The dashed lines form an envelope around the fitted line for model year 82. Under the assumption that the true relationship is linear, these bounds provide a 95% confidence region for the true line. Note that the fits for the other model years are well outside these confidence bounds for `Weight` values between `2000` and `3000`.

2. Sometimes it is more valuable to be able to predict the response value for a new observation, not just estimate the average response value. Use the `aoctool` function Bounds menu to change the definition of the confidence bounds from `Line` to `Observation`. The resulting wider intervals reflect the uncertainty in the parameter estimates as well as the randomness of a new observation.

Like the `polytool` function, the `aoctool` function has cross hairs that you can use to manipulate the `Weight` and watch the estimate and confidence bounds along the y-axis update. These values appear only when a single group is selected, not when ```All Groups``` is selected.

Multiple Comparisons

You can perform a multiple comparison test by using the `stats` output structure from `aoctool` as input to the `multcompare` function. The `multcompare` function can test either slopes, intercepts, or population marginal means (the predicted MPG of the mean weight for each group). The example in Analysis of Covariance Tool shows that the slopes are not all the same, but could it be that two are the same and only the other one is different? You can test that hypothesis.

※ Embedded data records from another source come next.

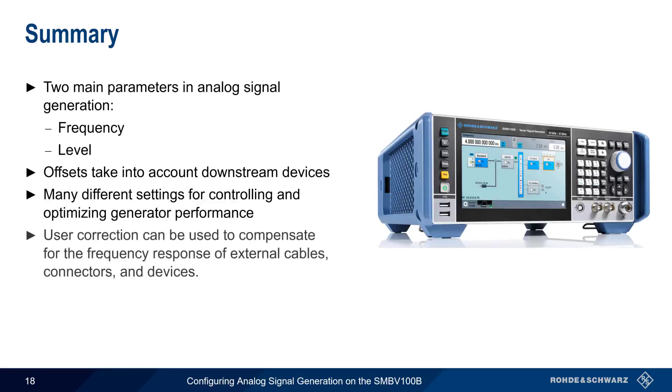And lastly, user correction can be used to compensate for frequency response in cables, connectors, etc. This concludes our presentation Configuring Analog Signal Generation on the SMBV100B. If you'd like to learn more about signal generation or signal generators, please see the links in the video description.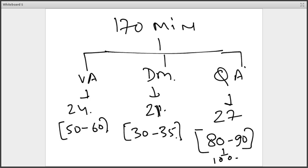Take at least 10 full-length mocks to see how much you are scoring, whether you are clearing sectional cutoffs and overall cutoffs. With this I'll end this session and I hope you could take some insights, especially around important topics, time management, cutoffs, and how to prepare for each section. In case you have any queries, feel free to ask in the XAT preparation group and we will be happy to answer. Thank you everyone and all the best for the XAT exam.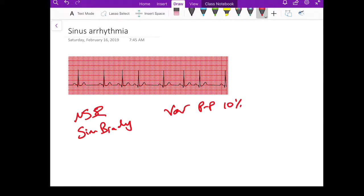If you have a look at this strip, you can see that this P2P is much longer than this P2P, and it's different than this P2P.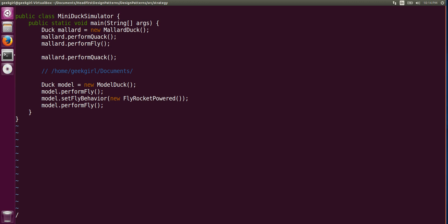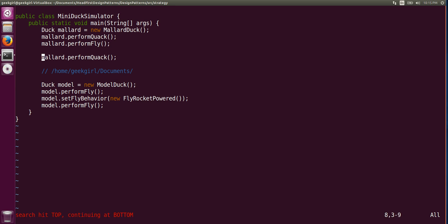To search in Vim, go into command mode and type slash, then the word you want to search. For example, typing 'mal' will search all occurrences of 'mallard'. Use small 'n' to move to the next match and capital 'N' to move backwards. To jump to the first match type 'gg' then 'n', and to jump to the last match type capital 'G' then capital 'N'.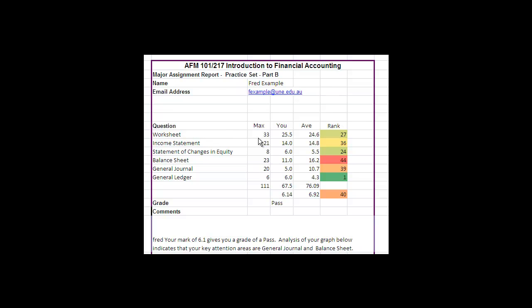So we can see the maximum marks for the worksheet is 33. In Fred's case, Fred has got 25.5, which is just a little bit better than average, and he's ranked 27th for that question.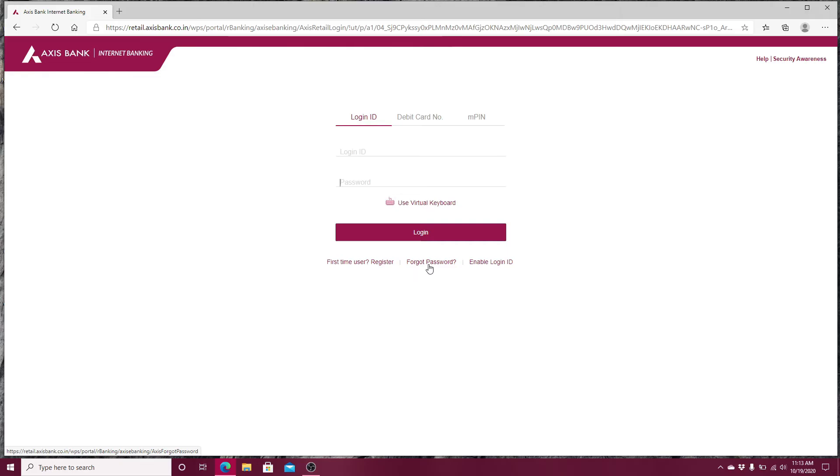To enable your login ID, simply click on enable login ID and follow the instructions.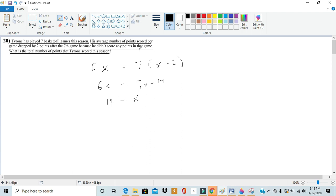So then if we plug in 14 to this original equation we get 7 times 12 is the number of points he scored in the season. So 7 times 12 would give us 84, giving us 84 total points.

```multcompare(stats,0.05,'on','','s') ans = 1.0000 2.0000 -0.0012 0.0008 0.0029 1.0000 3.0000 0.0013 0.0051 0.0088 2.0000 3.0000 0.0005 0.0042 0.0079 ```

This matrix shows that the estimated difference between the intercepts of groups 1 and 2 (1970 and 1976) is 0.0008, and a confidence interval for the difference is [–0.0012, 0.0029]. There is no significant difference between the two. There are significant differences, however, between the intercept for 1982 and each of the other two. The graph shows the same information.

Note that the `stats` structure was created in the initial call to the `aoctool` function, so it is based on the initial model fit (typically a separate-lines model). If you change the model interactively and want to base your multiple comparisons on the new model, you need to run `aoctool` again to get another `stats` structure, this time specifying your new model as the initial model.